Ik neem ook een abonnement

Een van de achtergrondmotieven bij de stichting van de EGKS in 1952 en van de EEG in 1957 was dat een ééngemaakt Europa oorlog onmogelijk zou maken.  Zoals ook de oprichting van NAVO in 1949 na het vallen van het ijzeren gordijn. Ook het aanstekelijke voorbeeld van de Verenigde Staten van Amerika speelde een rol. De VSA was echter van bij de aanvang bottom up opgebouwd. In Europa zou dat top down gebeuren.

Gaandeweg werd ook het bijbenen van de economische prestaties van de VSA een formeel doeleinde van de Europese Unie, zoals in het Lissabonakkoord van 2000. Maar het tegenovergestelde deed zich voor. Reeds sedert de jaren 90 lag de groei van de eurozone lager dan die van de VSA. Dat bleef ook zo na 2000. De  euro en de maatregelen genomen sedert de crisis van 2007-2009 droegen daar verder toe bij. Ze bemoeilijkten het doorvoeren van noodzakelijke aanpassingen die nodig zijn voor economische vooruitgang.

Italië in de euro: een Pyrrhus-overwinning

Op 2 mei 1998 besliste de Europese Raad dat 11 van de 15 leden van de Europese Unie konden toetreden tot de euro. Die zou op 1 januari 1999 een aanvang nemen, met een overgangsperiode van drie jaar waarbij de munten van de deelnemende landen nog als wettig betaalmiddel zouden functioneren samen met de euro, maar met onderling vaste wisselkoersen.

Carlo Azeglio Ciampi was een tevreden man. Hij had er mede voor gezorgd dat Italië, tegen beter weten in, kon toetreden. Ciampi was de éminence grise die in mei 1996 Minister van Financiën werd in de nieuwe regering van Romano Prodi. Als je ouders je als tussennaam Azeglio geven zou dat een gunstig voorteken kunnen zijn. De Piëmontees Massimo Taparelli marchese d’Azeglio was een moedig en integer politicus en diplomaat die een grote rol speelde bij het Risorgimento  en de éénmaking van Italië. In zijn postuum verschenen I Miei Ricordi (Mijn herinneringen) van 1866 schreef hij het gevleugelde aforisme: ‘…s’è fatta l’Italia, ma non si fanno gl’ Italiani. (Italië is (één)gemaakt, maar de Italianen zijn (nog) niet “gemaakt”).’  Voorheen had Ciampi faam gemaakt als kundig, onwrikbaar en integer gouverneur van de Banca d’Italia, de Italiaanse centrale bank, te midden van wervelwinden en kolken.

Zou Ciampi die dag niet hebben vermoed dat hij mee aan de basis lag van wat uiteindelijk op een Pyrrhus-overwinning zou uitdraaien?

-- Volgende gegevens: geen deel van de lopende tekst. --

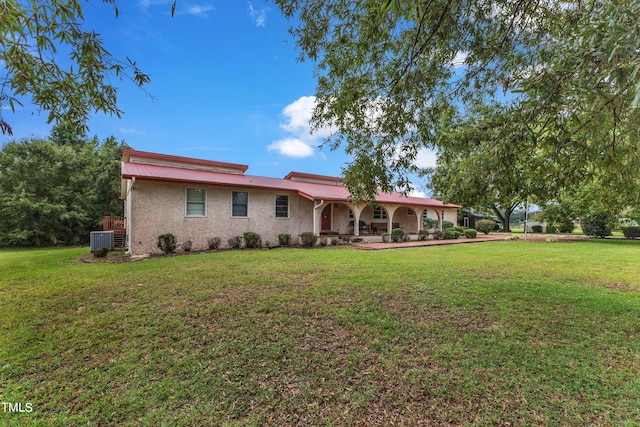 rear view of property with a lawn and central AC unit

De inclusie van Italië is de erfzonde van de euro. Zo konden op 2 mei 1998 ook Spanje en Portugal niet geweigerd worden, omdat die minder dan Italië afweken van de Maastricht criteria. Niettegenstaande nog grotere afwijkingen werd de toetreding van Griekenland op 1 januari 2001 erdoor vergemakkelijkt. Een tweede erfzonde.

De verblinding door korte termijn voordelen

Op korte termijn weliswaar waren de voordelen van een toetreding tot de euro voor Italië zeer aanzienlijk, en meer zo dan voor de andere toetreders. Maar op langere termijn zouden de kosten van toetreding continu toenemen, ook meer dan voor anderen. Tenzij Italië en de Italianen plots zouden veranderen in hun attitudes en gedragingen (een 140 jaar latere  ‘… non si fanno gli Italiani’) en eindelijk hun capaciteiten constructief bundelen. Of tenzij het overeengekomen euro verdrag continu zou worden uitgehold —  met bail-outs en monetaire financiering die door het verdrag verboden waren — om uiteindelijk in een transferunie uit te monden.

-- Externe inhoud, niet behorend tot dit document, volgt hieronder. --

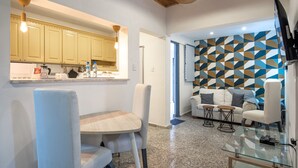 A modern kitchen with light yellow cabinets, a dining area with a round table and chairs, and a living room with a patterned wall and seating. - Escape Apartment in Gazcue Close to Colonial Zone (Santo Domingo)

Welke waren die korte termijn voordelen en, ook toen reeds, de zeer, zeer waarschijnlijke lange termijn nadelen?

Naast de besparing op wisselkoerstransacties die voor ieder deelnemend land geldt en blijft gelden, is er vooral op korte termijn het perspectief dat de hogere Italiaanse lange rente geleidelijk zou convergeren naar die van de lagere Duitse. Of hoe heel Europa, en vooral de zuiderse landen met hun hogere lange rentes, zouden gaan profiteren van de geloofwaardigheid van de Duitse economische en vooral monetaire politiek die haar neerslag vond in een lange rente die na de Zwitserse de laagste was in Europa.

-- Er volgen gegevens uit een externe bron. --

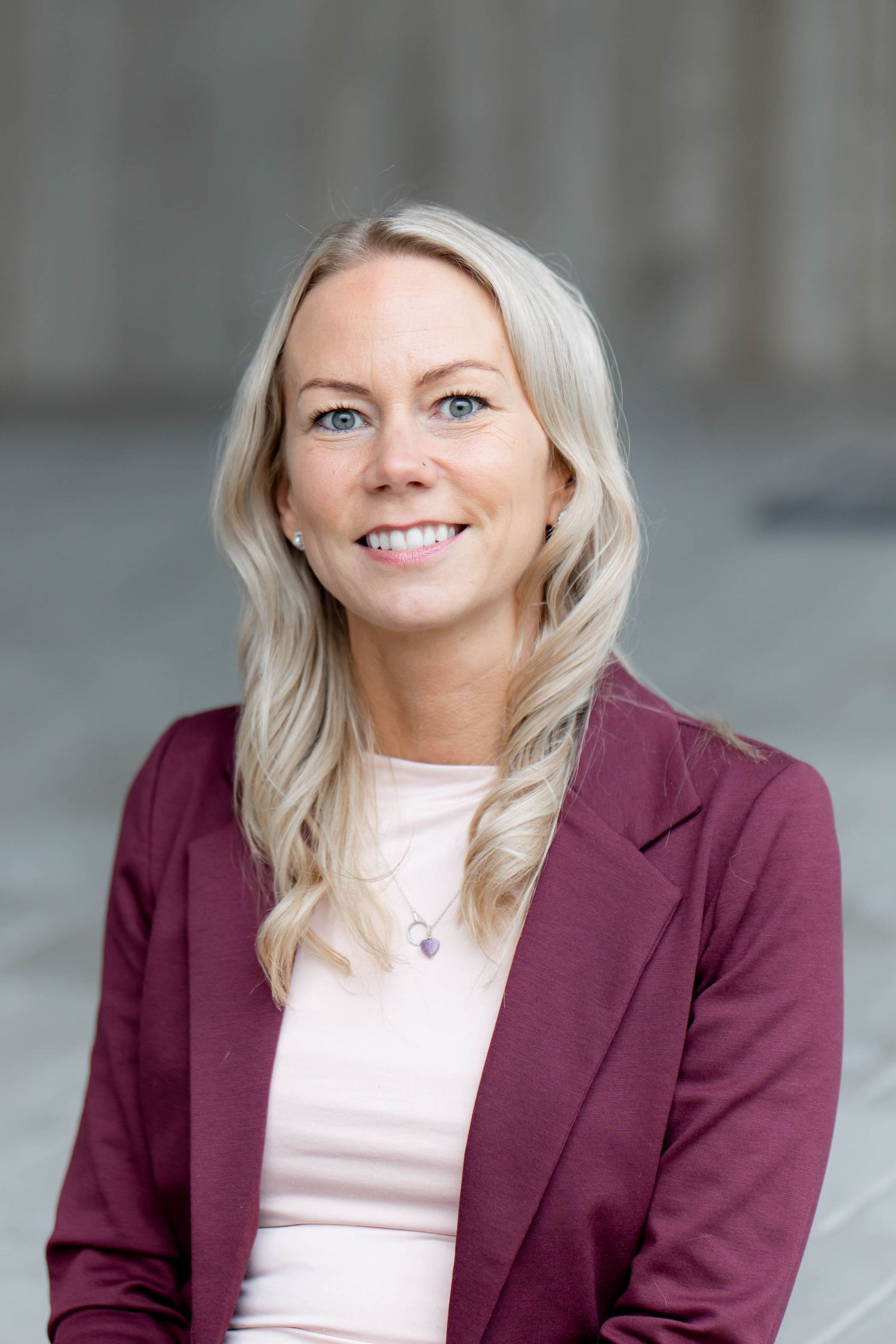 Professional headshots showing a person in a burgundy blazer and light top against a neutral background.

Animositeit en dubbelzinnigheid rond de geloofwaardigheid van Duitsland

Die Duitse geloofwaardigheid was geduldig en volhardend opgebouwd over de jaren. Dat legde de Duitse economie geen windeieren. Samen met Zwitserland behoorde Duitsland sedert 1945 tot de best presterende economieën in Europa. Duitse loonstijgingen lagen veel meer in lijn met productiviteitsstijgingen, wat zorgde voor lagere toenames van de arbeidskost per eenheid product (AEP). AEP is de kost van arbeid gecorrigeerd voor productiviteitsstijgingen. Zo zal een loonstijging van 3% bij stijging van de productiviteit met 3% de AEP constant houden.

Landen wiens AEP relatief sneller stijgt verliezen aan internationale competitiviteit. Om dat verlies te compenseren devalueerden die landen dan tegenover de Deutschmark en andere munten. Omdat devaluaties gewoonlijk werden aanzien als een mislukking van het gevoerde beleid, verliep de aanloop naar pariteitswijzigingen tussen munten vaak in een klimaat van amper verholen irritatie en vijandigheid ten overstaan van de meer gedisciplineerde economische politiek — die altijd tot betere resultaten leidt — zowel van rechtse als linkse Duitse regeringen als van de Bundesbank. Dat blijkt uit de geschiedenis van de wisselkoersen van 1974 tot 1999.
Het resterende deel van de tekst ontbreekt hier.